I sat for a moment in shocked silence, and then properly laughed for a good, long while. She returned a wry smile. “That’s certainly a way to remember the steps, is it not?” She moved to guide my hands through a second stitch. “Though, maybe we don’t tell Lady Patience that I taught you in that way.”
It was apt in a way that she could not possibly have understood and I couldn’t have explained. It was a good mnemonic, though. Repeating it to myself, I muddled through an entire row of stitches. Lacey watched me, pleased, and then turned the work for me. “I’ll teach you something yet, won’t I?”
We delved back into silence, but not uncomfortable and bleak as it had been before. I forgot my longing stares at the courtyard as I worked.
She let me go for a while, and then nudged my shoulders. “Relax. You’ll break the yarn if you keep yanking so hard. You’re not meant to knit so tight that it can hold water.”
I stopped for a moment and shook out some of my tenseness. My hands were starting to ache from how tightly I’d been gripping the small needles.
“She really cares about you, you know?” Lacey said, after another long moment of companionable silence.
“I know.”
“Sometimes I don’t think you do.” She tilted her head, watching me. “You take so grudgingly to her tasks and you don’t realize that she’s just trying to pour a little bit of herself into you.”
I dropped a stitch and she sighed and took the sock from my hands to fix my mistake. “She could’ve been hurt just by your existence. You shook up her world quite a lot, don’t you know?” She passed it back to me. “Not that you had any doing in it. But it is the truth. She didn’t have to acknowledge you at all. She turned everything she felt into love for you instead.”
I didn’t know what to say to that, so I feigned concentration. I was pulling so tightly again that I had to wiggle the needle to force it into the back of the next stitch.
“You’re young. It’s easy not to consider. But when she gets to be,” she paused, carefully considering. “When she gets to be a lot, think about that and be gentle with her. Yes?”
“I’ve been trying.” I dropped another stitch and considered throwing the work down.

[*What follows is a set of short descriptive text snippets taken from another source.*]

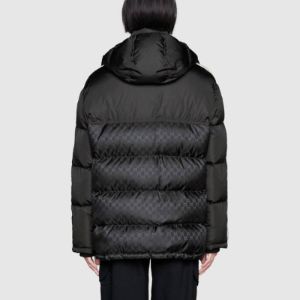【関税&送料込】Gucci Gucci Embroidered Nylon Padded Parka Gucci GG Nylon Jacquard Padded Coat 'Black' 598725-Z8AFZ
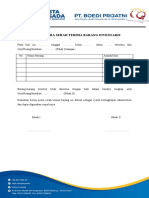 Form - Berita Acara Serah Terima Barang Inventaris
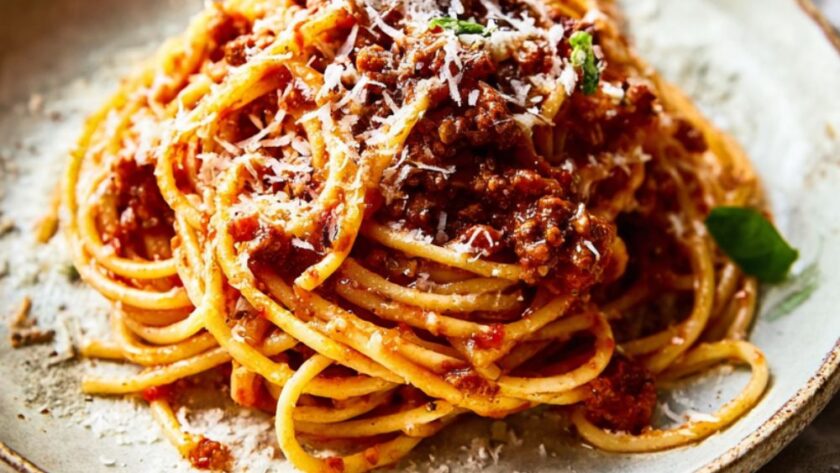 Low Residue Spaghetti Bolognese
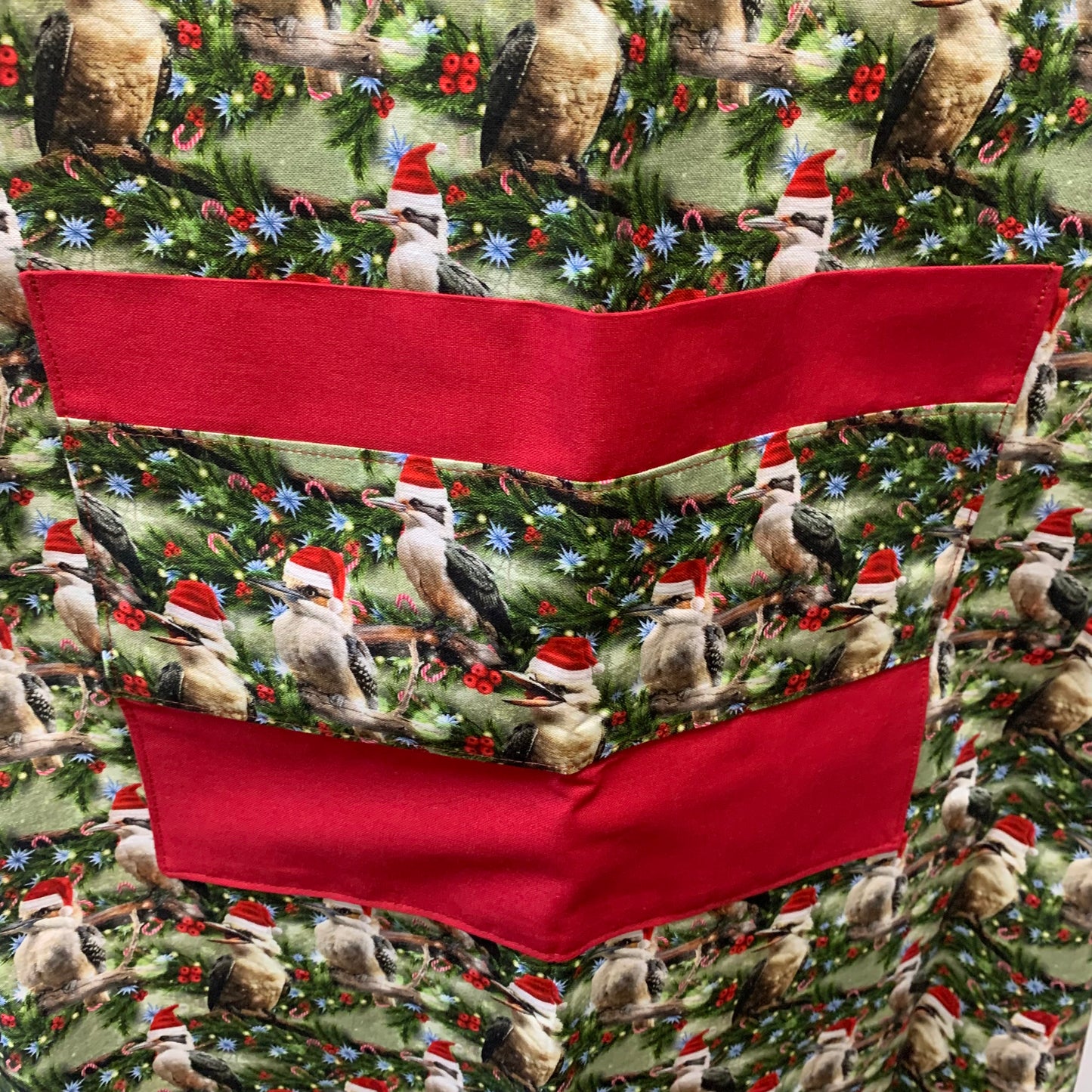 MUMMA WHOOPEE - "Christmas Kookaburras" Christmas Apron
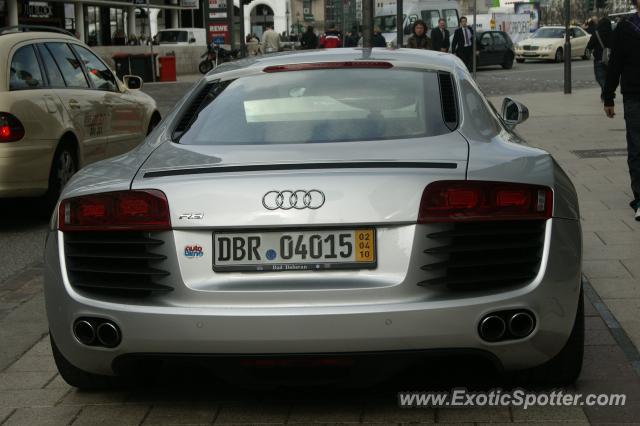 Audi R8 spotted in Hamburg, Germany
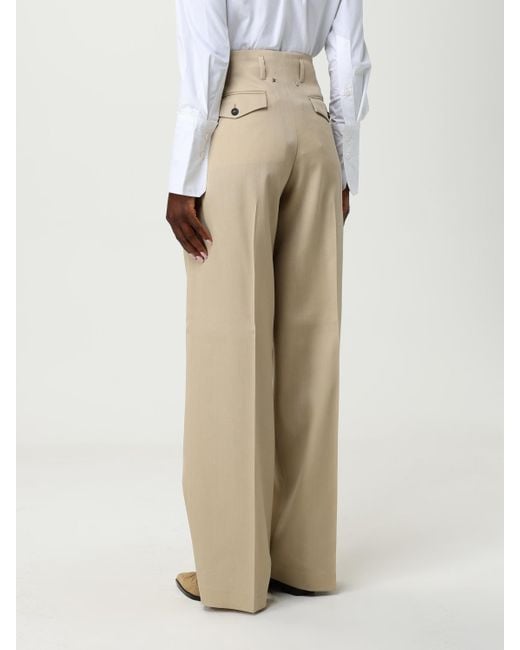 Golden Goose Deluxe Brand Natural Wide Leg Virgin Wool Trousers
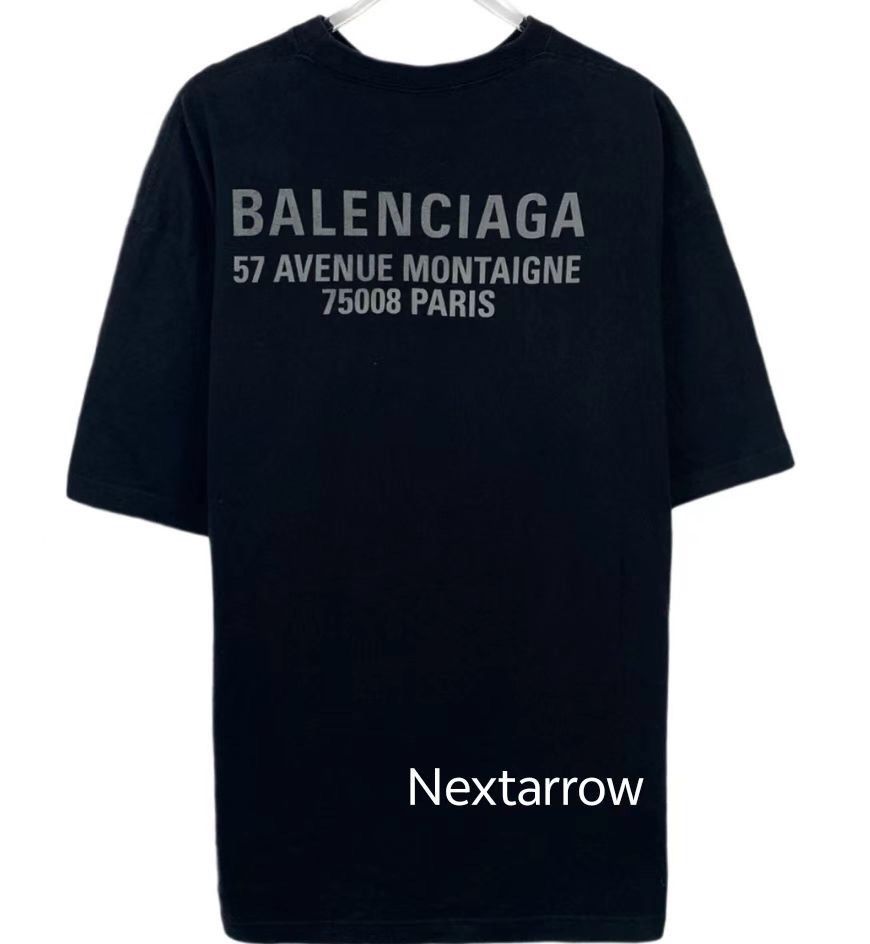 Balenciaga Balenciaga color logo printed round neck black cotton shor Size US M / EU 48-50 / 2 - 2 Thumbnail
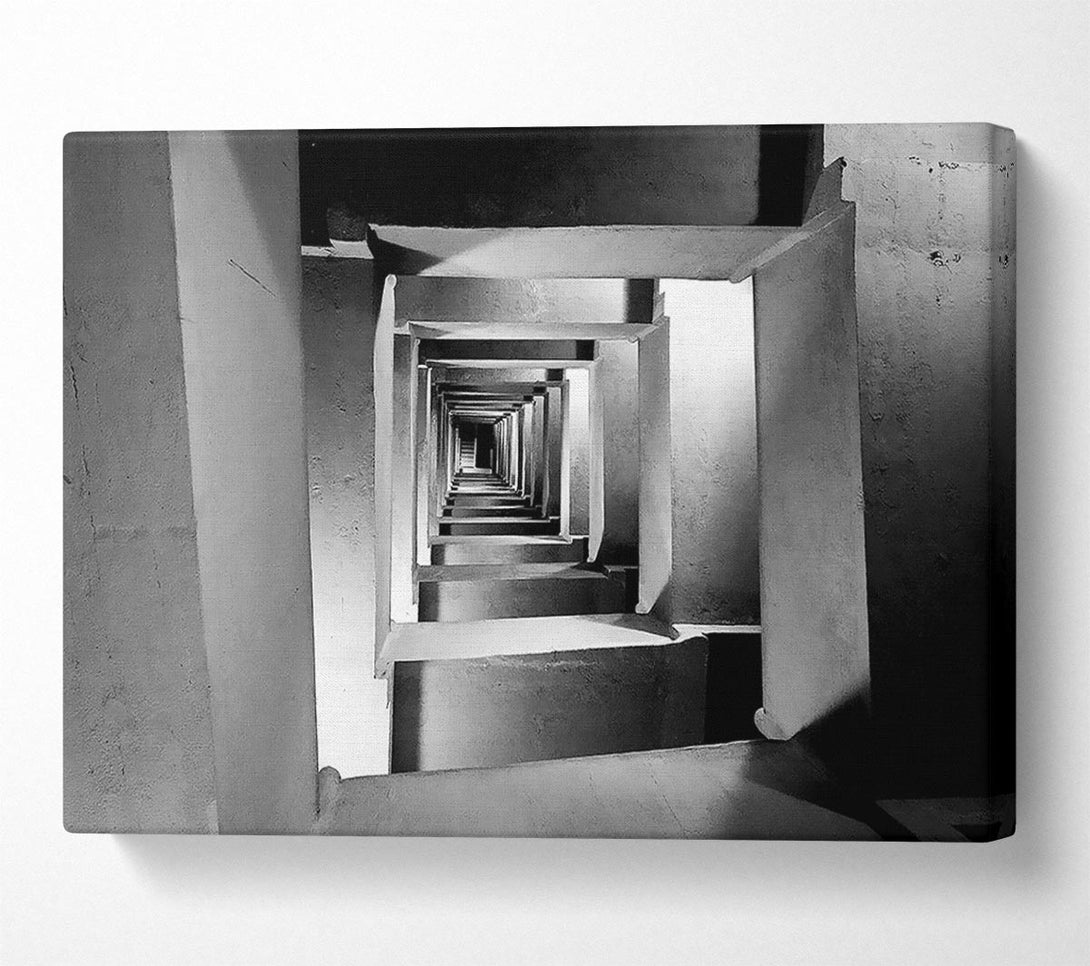  A Canvas Print of The Maze Canvas Print
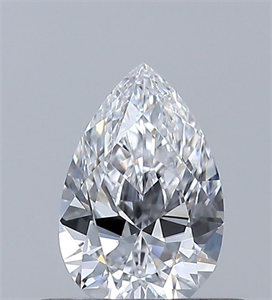 Picture of Natural Diamond 0.40 Carats, Pear with  Cut, D Color, VS1 Clarity and Certified by GIA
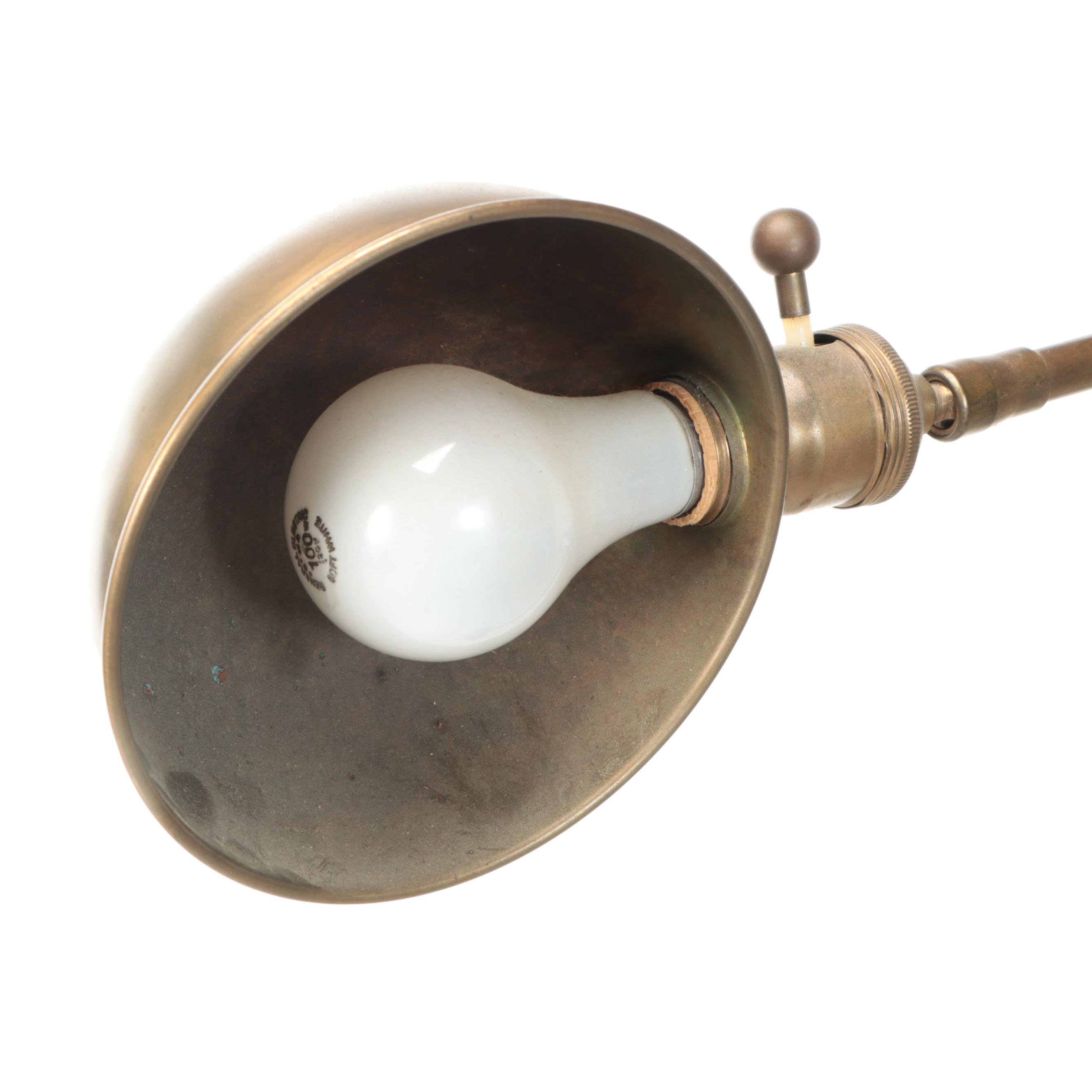 MCM Brass Pharmacy Style Floor Lamp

Gingerly, Lacey took it from me and this time showed me how to ladder back up the loose line of yarn where my stitch had fallen through the cuff of the sock. It wasn’t so unlike tying knots, I realized, and after that got a little more into the rhythm of it. My constant swirl of thoughts eased some. It was meditative in a way that I wouldn’t have expected.
“I know you have. I see it. Just… please. For all three of our sakes. Think about what I said.”
The door swung open and we must have looked like two children caught stealing candy, with the way we both froze and looked up. Lady Patience walked in, skin red from the sun, hair mussed and wind blown, dirt smudged on her dress and across the bridge of her nose. She held a small potted bird’s-foot violet in her hands, and she swept aside a large collections of rocks and gemstones that rested on her windowsill to make a space for it.
“Tom!” She said, cheerily. “If I’d have known that you knew how to knit, I’d have put you to it a long time ago! I have a half-finished sweater somewhere around here, I know.” She ducked down to look under the bed a moment, rifling through a large box that I couldn’t even guess the contents of. “Well. No matter right now. Lacey! How long has Tom been here, and you haven’t fed him? Or put on tea? Find us some pastries! Or some cheese. The kitchen was making some meat rolls earlier that smelled lovely.” She fluttered over to her mirror to dab at the dirt on her face.
“Yes, Lady. I’ll figure something out for us.”
Lacey and I glanced at each other and shared a quiet smile.